With Twentieth Century (1934), director Howard Hawks—with a lot of help from writers Ben Hecht and Charles MacArthur and stars John Barrymore and Carole Lombard—invented something new: the screwball comedy. It was new in that the romantic leads were the central comedians and behaved just as outrageously as the wildest of comics, yet—and this was the hard part—they retained their romantic and sex-appeal qualities. It was fresh, innovative and, above all, it was hysterically funny. This free-for-all about a legendary Broadway producer (Barrymore) and the underwear model (Lombard) he transforms into a star is not merely the first of its kind, it remains the best and funniest of its kind.
For the uninitiated, I should probably explain that the film’s title refers to the Twentieth Century Limited, the train that connected Chicago and New York City, and on which much of the film’s action takes place. The train ceased to exist in 1967, but the film (and play) bearing its name is very much still with us.

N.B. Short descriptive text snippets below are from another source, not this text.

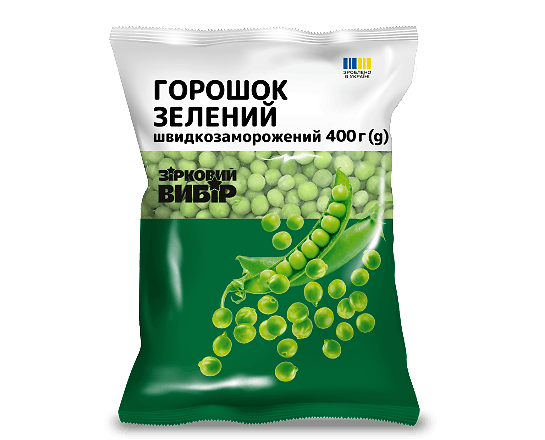Горошок зелений Зірковий вибір швидкозаморожений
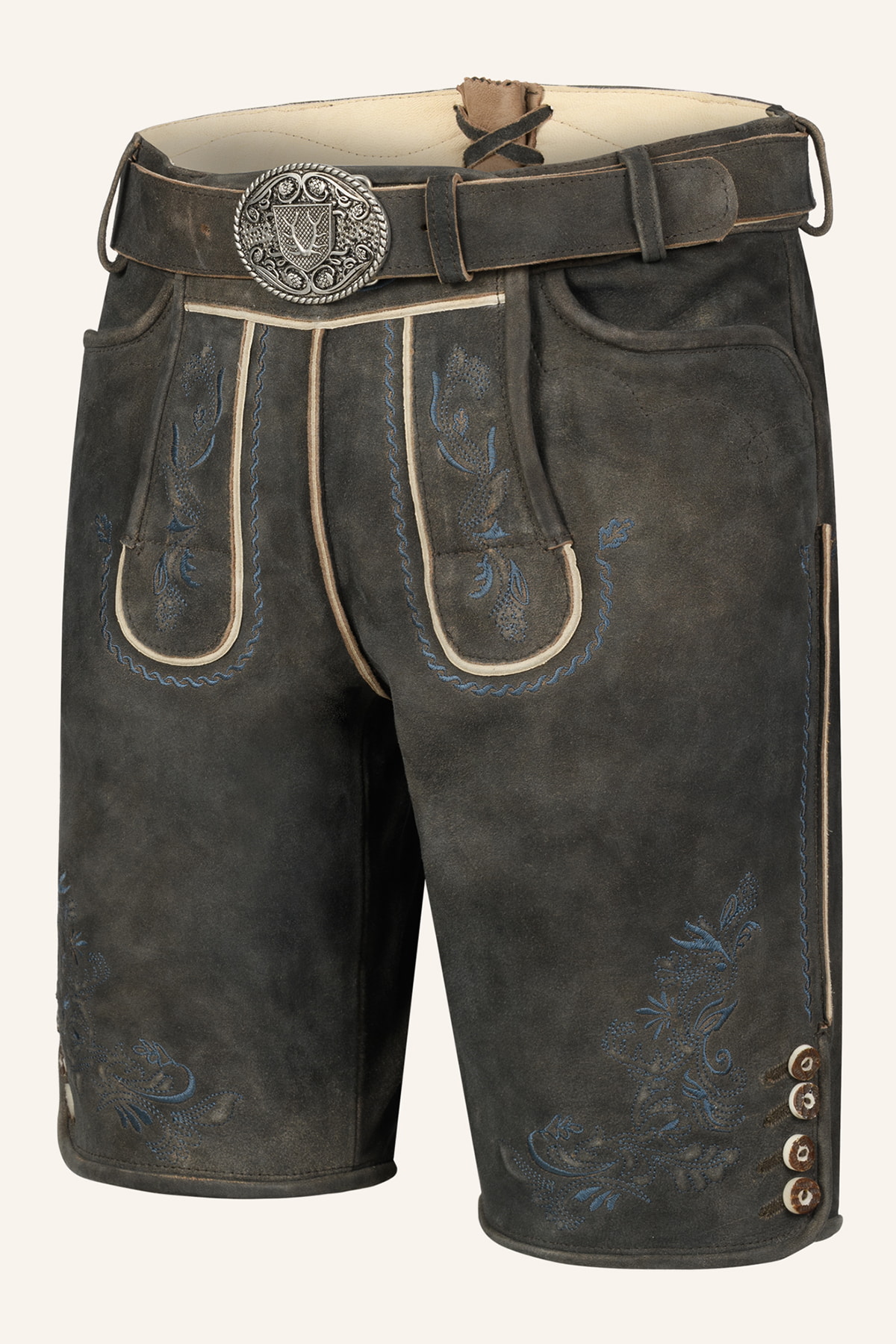 Lederhose Yanis met riem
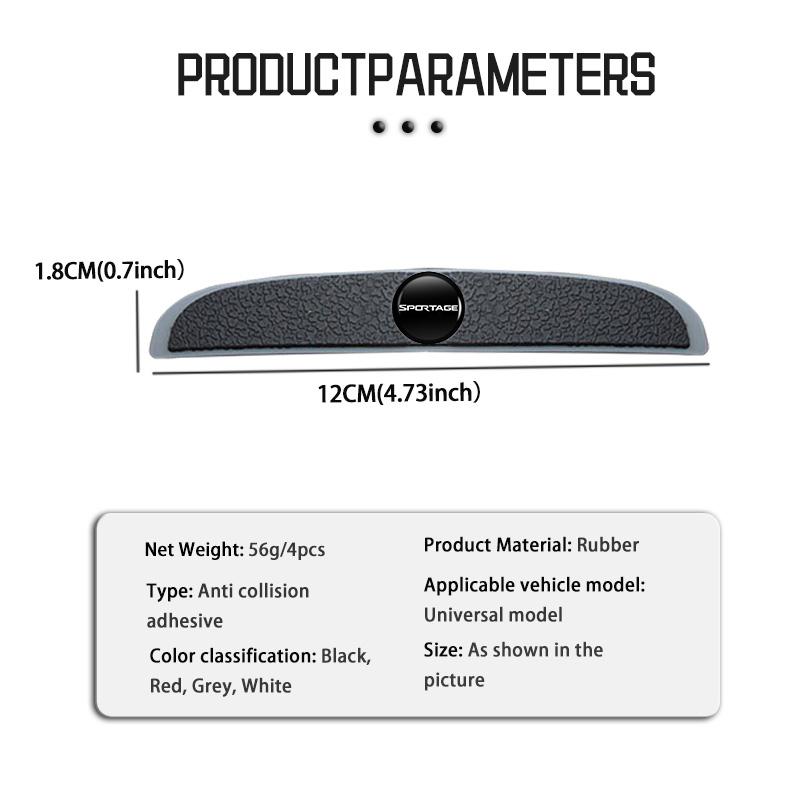 4Pcs Rubber Anti Collision Strip Car Door Rearview Mirror Protector Stickers For KIA Sportage Ceed Sorento Niro Cadenza Proceed kpaxs22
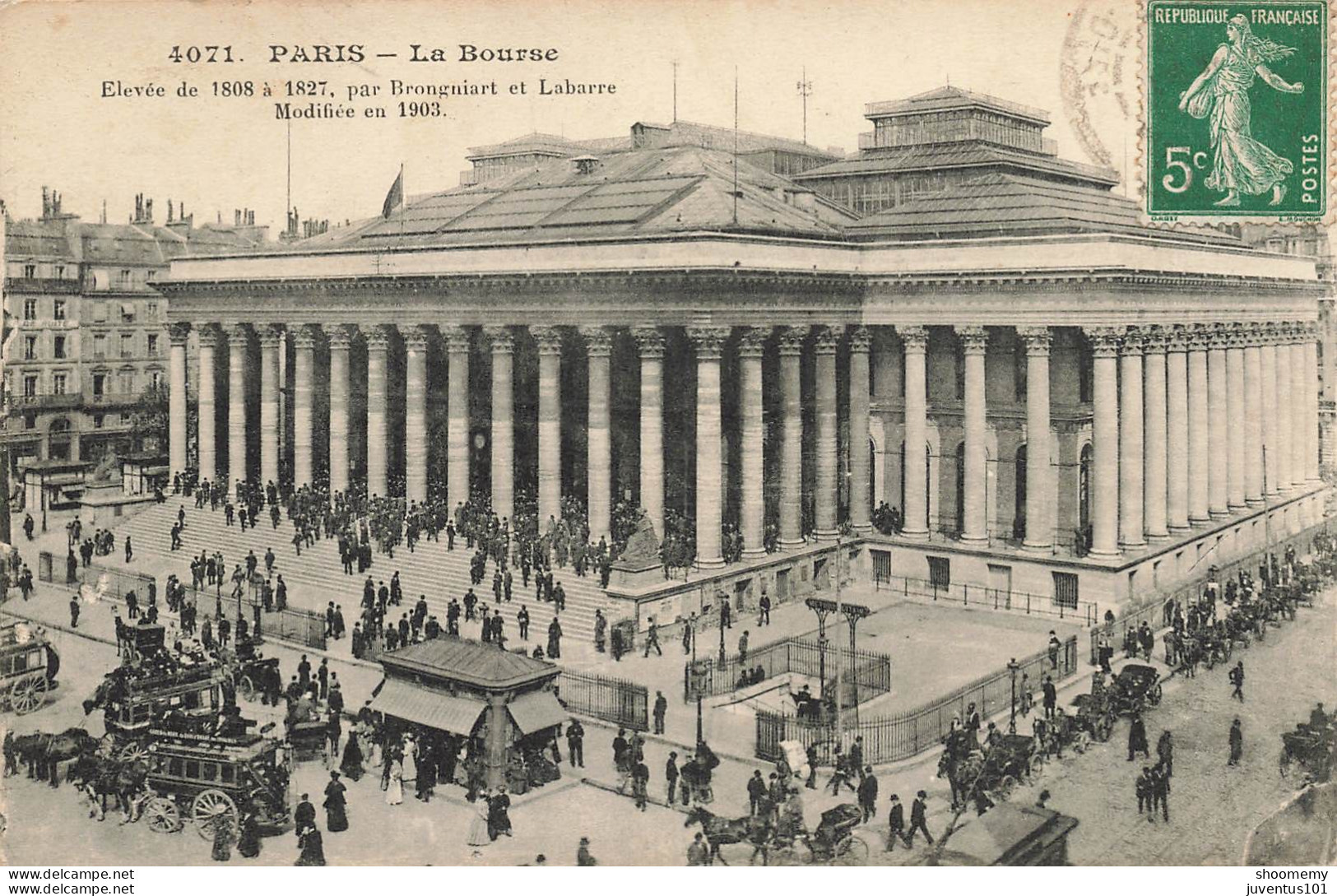 CPA Paris-La Bourse-4071-Timbre       L2414 - Other Monuments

The story concerns the “wizard of Broadway,” Oscar Jaffe (Barrymore), who must be a wizard indeed from the looks of the plays he stages. We see a poster for something called Bride of Bagdad, and there are references to a disastrous production of Joan of Arc, but most of what we see rehearsed consists of romantic melodramas of the Old South (“y’all” and variants rule the dialogue) that it’s quite impossible to imagine anyone sitting through. Wizardry can be the only explanation. It’s something like that—with the help of chalk and a hatpin—that allows him to turn Mildred Plotke (Lombard) into Lily Garland, the toast of Broadway.

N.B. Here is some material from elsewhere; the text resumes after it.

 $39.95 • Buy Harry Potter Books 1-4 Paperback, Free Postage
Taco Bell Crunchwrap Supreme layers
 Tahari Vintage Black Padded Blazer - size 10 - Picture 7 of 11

The problem is that the two have become romantically involved and Jaffe is a control freak of some note with a propensity for (seemingly unwarranted) jealousy. Not surprisingly, this causes problems—problems that ultimately lead to Lily deserting him for a Hollywood contract, an event that changes Jaffe’s fortunes very much for the worse. A glimmer of hope appears when the two happen to cross paths on the titular train. Is it perhaps possible—as Jaffe’s press agent (Roscoe Karns) puts it—that “Mr. Bromo could get back again with Miss Seltzer?”
Detailing the plot does nothing to actually describe what makes Twentieth Century funny. The only way to really understand that is to see it, to experience it. It’s not just any single element that makes it work. It’s the way a script bristling with clever lines and situations is brought to life by skillful direction and acting. It’s actually seeing John Barrymore do an impression of a camel. It’s witnessing Barrymore’s no-holds-barred approach to the innate theatricality of his character. Both Jaffe and Lily are so much of the theater that everything they say and do is colored by it. They don’t have conversations and encounters, they play scenes—even adjust the lighting and make sure they have the right props for maximum effect. And it’s experiencing the electrifying chemistry between the two performers. Neither was quite this good before, nor would they be quite this good again.
Try the film for yourself. I’ve seen it theatrically at least four times—and I have yet to see the audience that didn’t end up loving the film. There really aren’t all that many chances to go to the movies and have this much fun.